The book begins with an anecdote on memory that frames Preparata’s central proposition. Confounded by uncertainty, the author’s paternal Italian grandfather, seconded by his grandmother, had agonized for years over the outcome of the war. Was the defeat of Mussolini and Hitler a good thing after all? ‘My father and I the modern ones would listen to these tirades, rolling our eyes, and excusing the impropriety of even alluding to a possible Nazi victory on account of my grandfather’s earnest but essentially “screwed-up” world view.’ Certainly, as Preparata came to reconsider, the result of world conflict had not been kind to the former Axis powers, knee-deep in spilled blood and burdened with ineffable guilt for the Holocaust and associated Nazi terror; but was the American ascendancy, with its own imperial precepts of ‘shock and awe’, an entirely innocent global outcome?
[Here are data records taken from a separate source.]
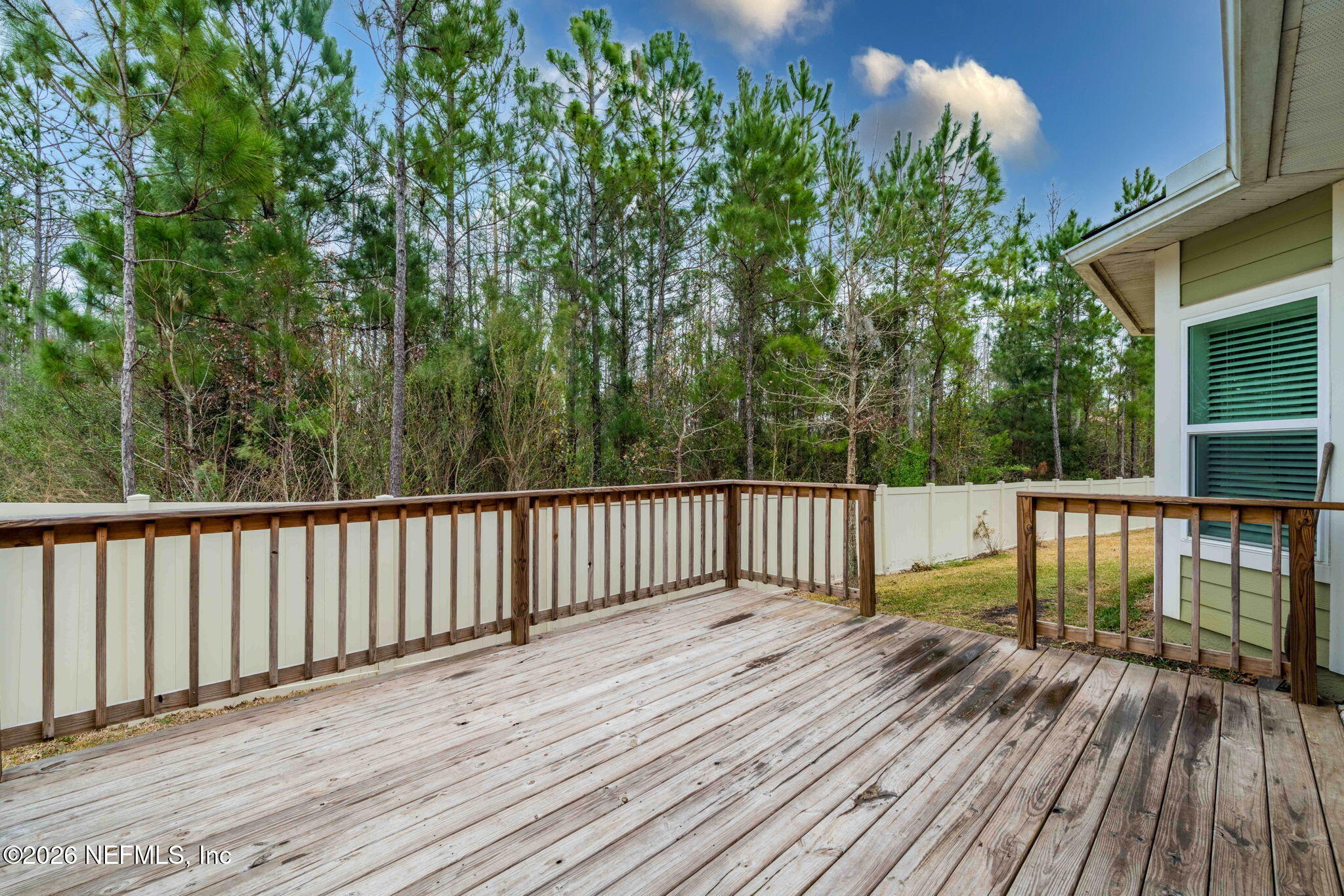 620 Ivory Palm Road Orange Park, FL 32073 - Photo 35 of 53 a view of balcony with wooden floor and fence
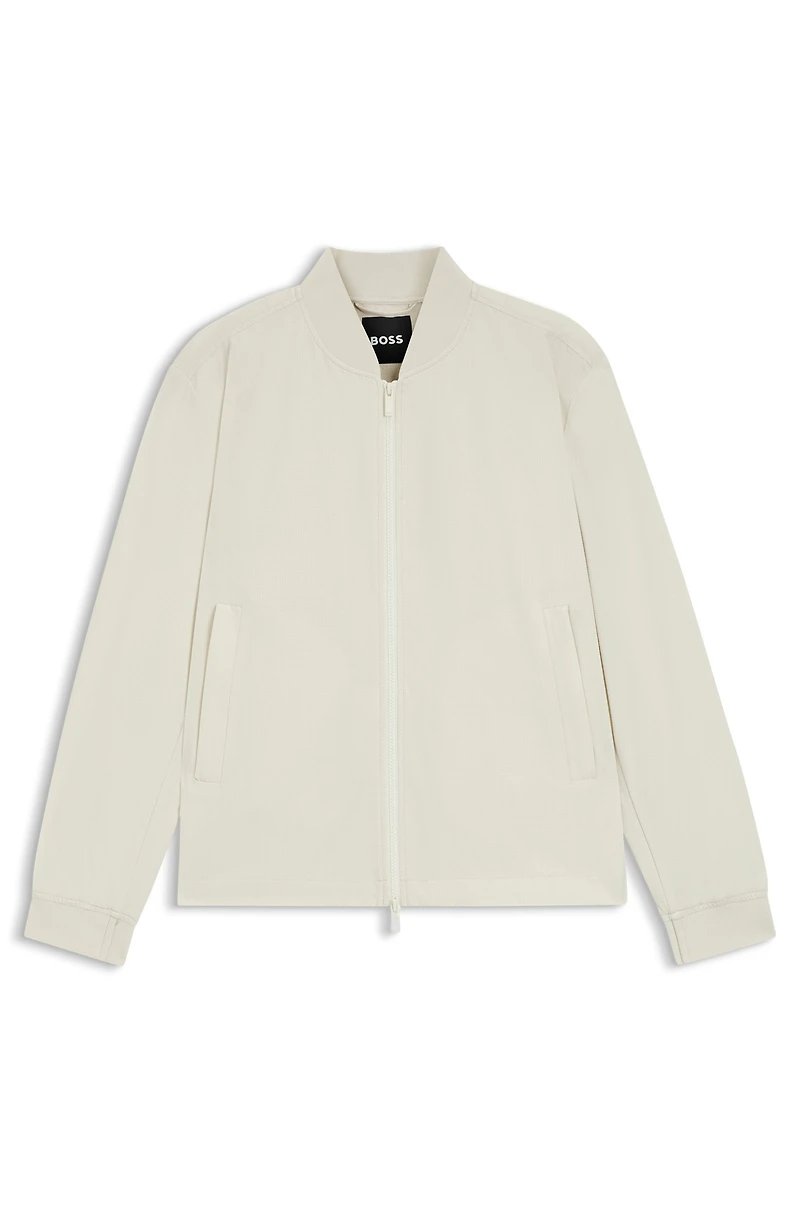 Water-repellent packable jacket with two-way zip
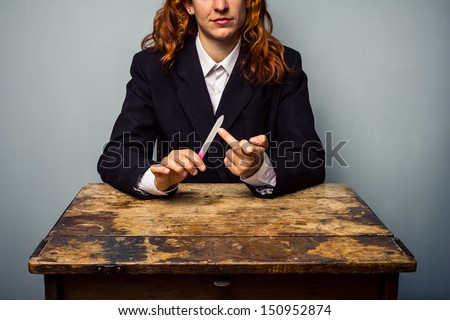 Businesswoman displaying obscene gesture while filing her nails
Preparata’s major contention is that Hitler himself, and the Nazi apparatus, were aided and abetted by Anglo-American elites ‘the clubs’ who engineered the Weimar crisis, helped propel Hitler to power, and manipulated the Third Reich into a confrontation with the Soviets it could never win. Preparata’s thesis is partly supported by revelations, now being aired, of close Anglo-American identification with German industry and finance of the period, political intrigues with Hitler and Stalin, and even (as with the eugenics movement, widespread US anti-Semitism, or racial terror practised in the American South) the existence of Anglo-Americanideological trends that resembled in some ways the currents in pre-war Nazi Germany.
Preparata’s reckoning of the Nazi regime — especially its fabulous initial, and crucial, access to bank funding of military-industrial production (the centerpiece of Conjuring Hitler) draws from a profound knowledge not only of conventional economic theory but also of alternative, anarchist appreciations of capitalism, including, and most especially, Thorstein Veblen’s far-sighted comprehension of ‘the clubs’, the elite networks that steer western free enterprise, which are motivated by ‘spirits’ of greed and evil that Veblen alone identified within the context of socio-economic theory.
Mackinder’s vision
Although an original and unanticipated achievement, Conjuring Hitler offers ‘no more than a thread with which one may finally string together a collection of clues and solid evidence, which have been available for years and have formed ever since a platform for dissenters’ (p. xix). Foremost among these scattered indications of an imperial plot to weaken Russia and isolate and defang Germany is the influential 1904 piece by H. J. Mackinder that founded the modern perspective of geopolitics and spelled out the geopolitical strategy followed for the next century by Britain and its impatient successor, the United States of America. Simultaneously with the completion of Conjuring Hitler, and a century after Mackinder penned ‘The Geographical Pivot of History’, The Geographical Journal devoted an entire issue to Mackinder’s pregnant intervention, including a reproduction of the original article. While Preparata urges that Mackinder’s belligerently imperialist essay (which appeared in successive iterations up to 1919 and 1943) shaped Anglo-American policy ever afterwards, he is not alone. For example, Harvard historian Paul M. Kennedy, writing in The Guardian in mid-2004, made a parallel claim. ‘Right now,’ Kennedy wrote, ‘with hundreds of thousands of US troops in the Eurasian rimlands and with an administration constantly explaining why it has to stay the course, it looks as if Washington is taking seriously Mackinder’s injunction to ensure control of “the geographical pivot of history”.’ ([1])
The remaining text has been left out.